4. From the plot, find the output resistance.

1. Figure 2 shows a cascode current sink from Lab Chip 5.

2. Place the Lab Chip 5 into the test fixture of the HP-4145.

3. Load the program PCS using the keystrokes: [GET] PCS [EXE].

4. Connect SMU1 to the BIAS pin and SMU2 to the OUT pin.

5. Enter for the constant-slope current the nominal current you found in procedure 3.1.

6. Execute the program to obtain the plot of the cascode's I-V characteristics.

7. Using the Marker and Cursor, find the output resistance. (refer to Exp. 1 if you have forgotten how to find the slope of a line.)

8. Note the minimum operating voltage for this current source.

9. How does the cascode compare with the simple current source?

10. Obtain a hardcopy of your data.

FIGURE 2.

FIGURE 3.

The following schematic shows a totem pole voltage source.

FIGURE 4.

1. Construct the circuit by placing a 1 k resistor for R_REF between V_REF1 and V_REF2. Measure the drain current and the reference voltages.

2. How do the reference voltages compare with theoretical values? How can you account for the difference?
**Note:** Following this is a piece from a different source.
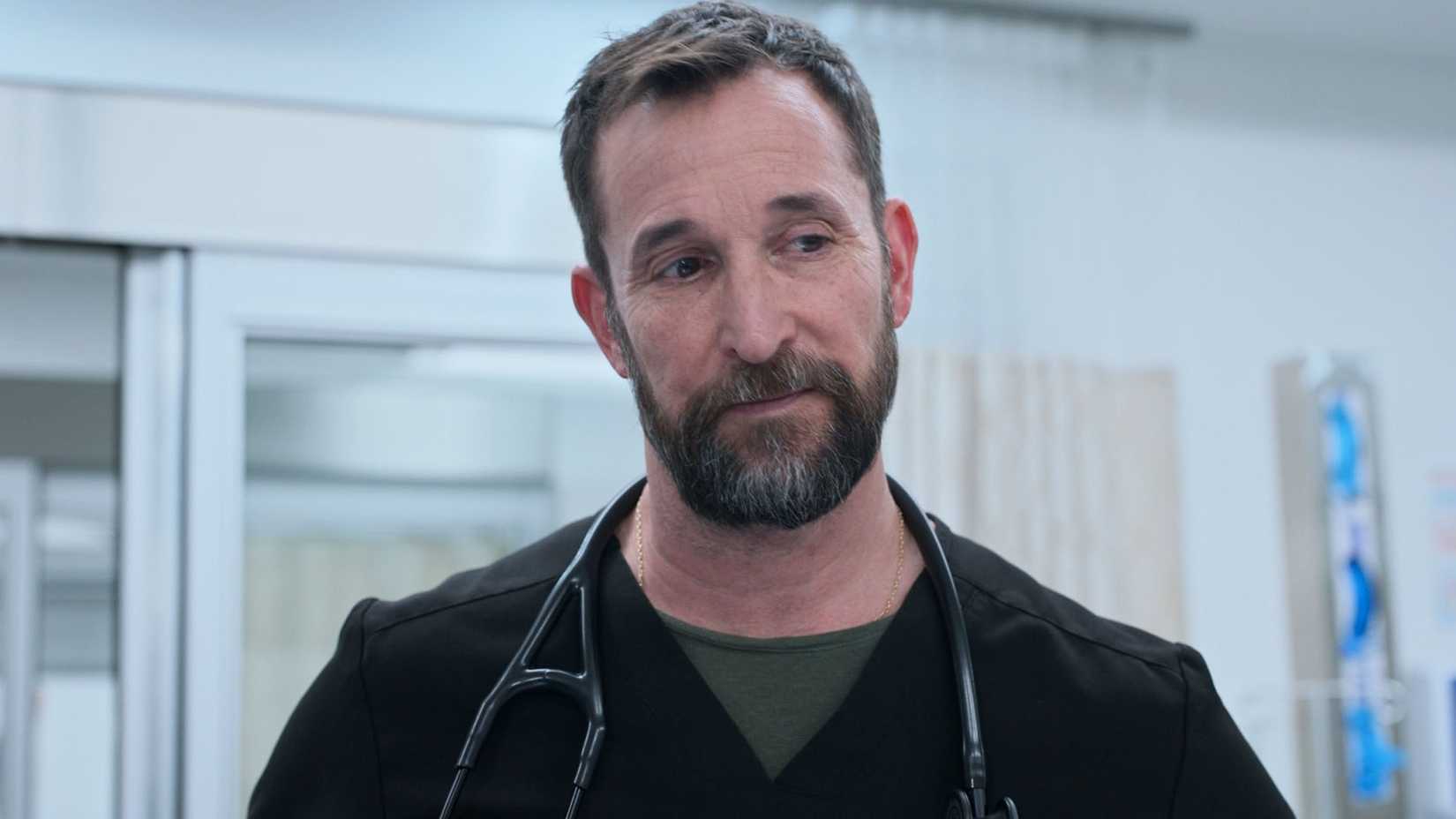 noah wyle as robby looking down in an epiode of the pitt season 2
3. The reference voltages act like batteries. Their values remain constant as long as there are no leakage currents at that node. For the NMOS transistor shown in figure 5, use V_REF2 to generate a reference current, I_OUT. Vary V_OUT and determine the minimum output voltage of this NMOS current source. What is the output resistance?

4. Replace the NMOS with one with a different W/L ratio on Lab Chip 1 (Drain = PIN 6, Gate = PIN 7, Source = PIN 8, and W/L=46.5/3) and repeat procedure 3. How do the results compare?

FIGURE 5.

1. Construct the current mirror shown below (devices on Lab Chip 2).

FIGURE 6. Resistor Ratioed Current Source

Let R₁ = R₂ = 100 and R_REF=5 k.

2. Record values for I_SUP, V_BE1 and V_BE2.

3. Change the value of resistor R₂ to 1 k. What is I_OUT?

4. Now switch the resistors. What is I_SUP now?

5. Derive an approximate relationship between I_SUP and I_REF. Does your data follow this relationship?

6. Let R₁ = 1k and R₂ be 100, 3k, followed by 5k. This should give you better insight into how this mirror works. You need not take a detailed sweep here.